┌──

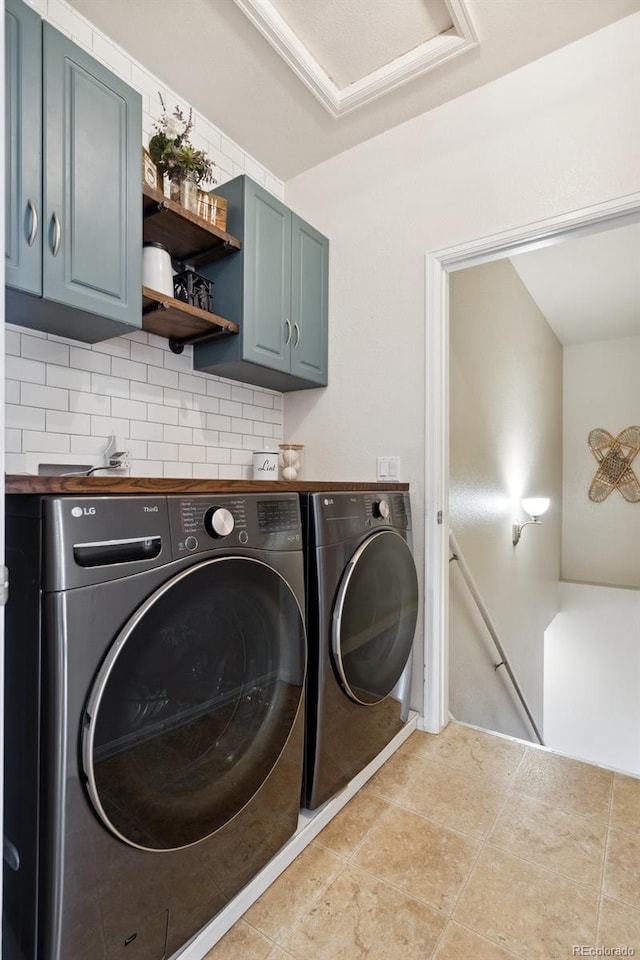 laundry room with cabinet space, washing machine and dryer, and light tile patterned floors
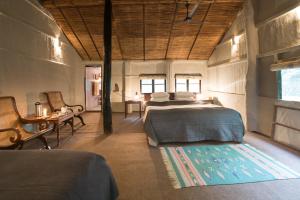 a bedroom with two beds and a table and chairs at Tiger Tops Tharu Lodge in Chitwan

└──
┌──

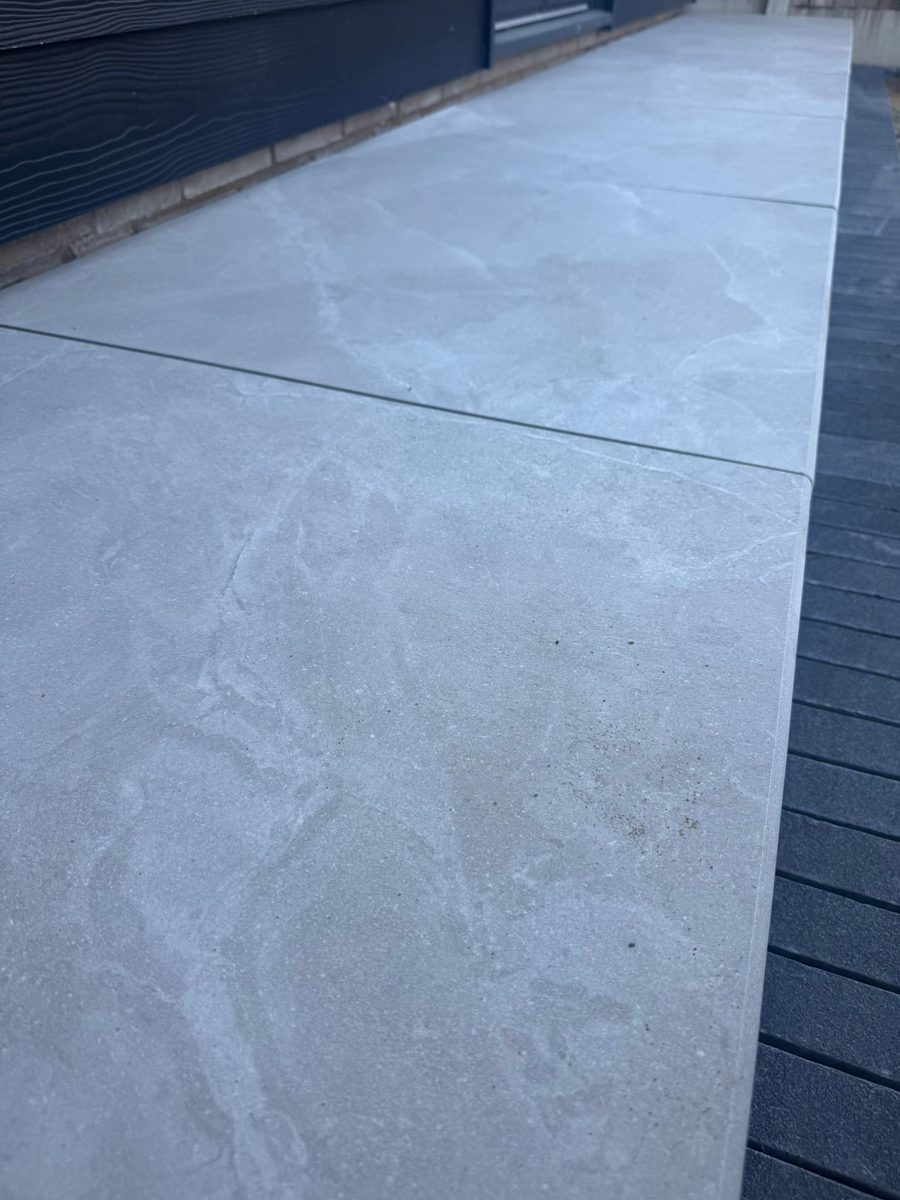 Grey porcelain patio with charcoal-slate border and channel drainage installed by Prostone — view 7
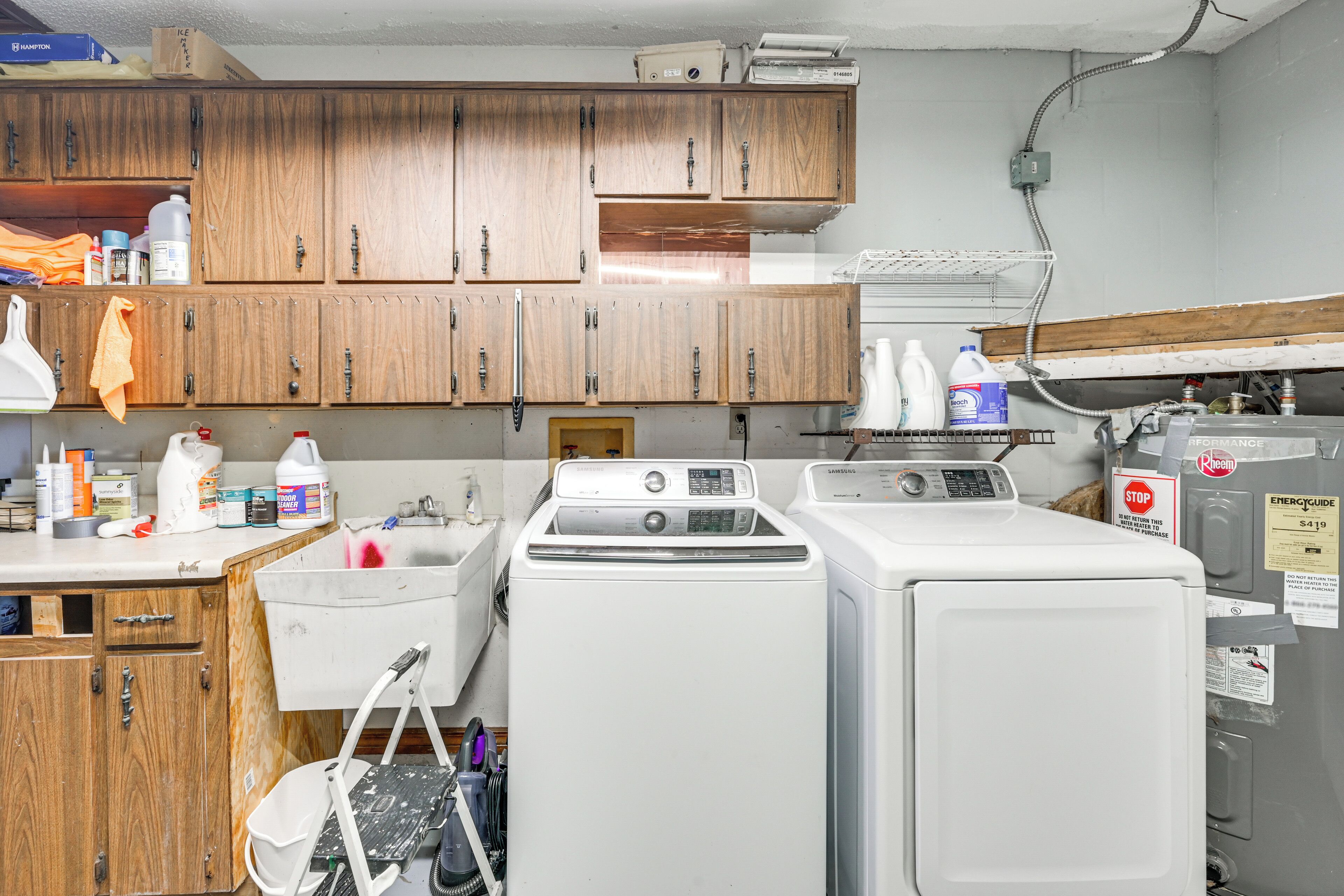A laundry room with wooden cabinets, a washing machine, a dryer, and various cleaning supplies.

└──

Assignment — Retype, exactly and with no pictures, everything above from the line with "laundry room with cabinet" down to the line with "a bedroom with", both included.

Reply —
 laundry room with cabinet space, washing machine and dryer, and light tile patterned floors
 a bedroom with two beds and a table and chairs at Tiger Tops Tharu Lodge in Chitwan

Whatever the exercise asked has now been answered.